This leads to the second thing, the order of the New Testament. If that collection of books was simply reordered to the order in which they were written, I think we would all have a very different view of the meaning they are attempting to convey. The first book in the New Testament, Matthew, begins with a birth narrative, connecting Jesus back to King David. That makes sense if you are attempting to tell a story that you think is real. But many believe the story of the virgin birth was concocted later to sell people of that time on the idea of Jesus being God. Gods of that time were born of virgins, so Jesus should be too, so you need a story.
If you want to follow how the stories began and were copied and embellished, start with the Book of Mark. It was written first. It has no birth story. It doesn’t have a resurrection story either. Maybe I should say it didn’t have a resurrection story. Many Bibles have footnotes telling you that the last verses of Mark were added on later, to harmonize it with the other gospels. Matthew and then Luke were written after Mark, sometimes copying, sometimes changing stories slightly, sometimes adding a new story. The gospel of John was written decades later.
To further correct the chronological order, all of the works of Paul need to be shuffled to the beginning. All of them were written and its author died before the first gospel was even heard of. Acts talks about Paul, but it was most likely written by the same author as the Book of Luke. Making sense of the different stories and contradictions is hard enough, but if you were to be presented first with a story of a man who only met Jesus in a vision and mentioned virtually nothing of a family or any earthly travels, it would be disconcerting indeed to then find out about Kings hearing of a virgin birth, to read of encounters with priests, of a man having meals, and telling parables. Was Paul unaware of all of this? For me, it’s led me to consider that this is a legend that developed, not a history that was poorly documented.
This project of ordering the books chronologically is complicated by the difficulty of assigning dates to the writings. That is an inexact science, and the authors sometimes attempted to mask who they were and when they were writing. The complete reordering might begin with the “undisputed Paulines”, Romans, 1 and 2 Corinthians, Galatians, Philippians, 1 Thessalonians, and Philemon. These would be followed by Mark, Matthew, Luke/Acts then John. The job would get more difficult after that as we would need to sort out the psuedepigrpaha (like 2 Thessalonians), the works that were falsely attributed to Paul or other figures of the time. These were either assigned authorship in error by people who didn’t know any better, or deliberately claimed to be an author other than the actual one as a way to legitimize the message.
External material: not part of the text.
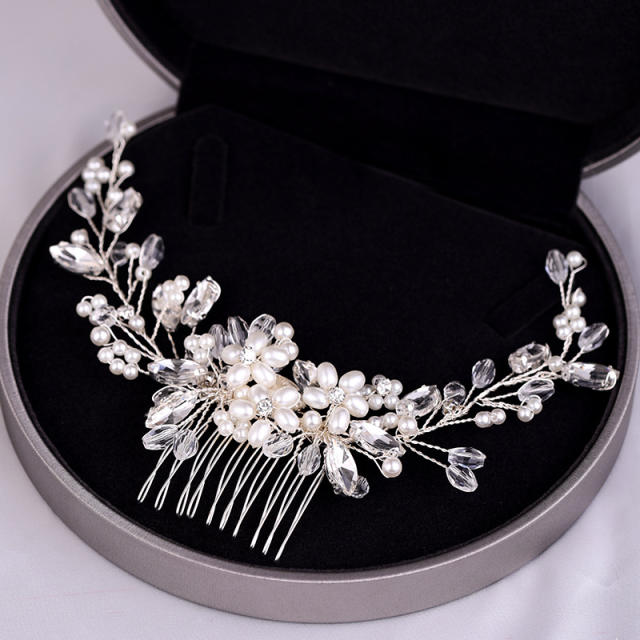 Handmade pearl crystal flower bridal hair comb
This is not just a New Testament problem either. Deuteronomy is the fifth book in the Old Testament, but is now known to have been written much later. Maybe most significant is the story of Eve tempting Adam with the apple. Besides simple facts like no apple appearing in the Bible, the story itself might not be a creation story. It may have been written earlier but it was given its place in the Bible by the people who assembled it, not some original author attempting to write a coherent narrative. It’s a folk tale, probably not intended to be an account of the first man and woman. So the entire reason for Jesus, to save us from the sin that got us kicked out of the Garden of Eden, is a mistake of some scholars in the centuries around the Fall of Rome who received a text and did not question its authorship or authenticity. They were told Moses wrote it and that was good enough for them.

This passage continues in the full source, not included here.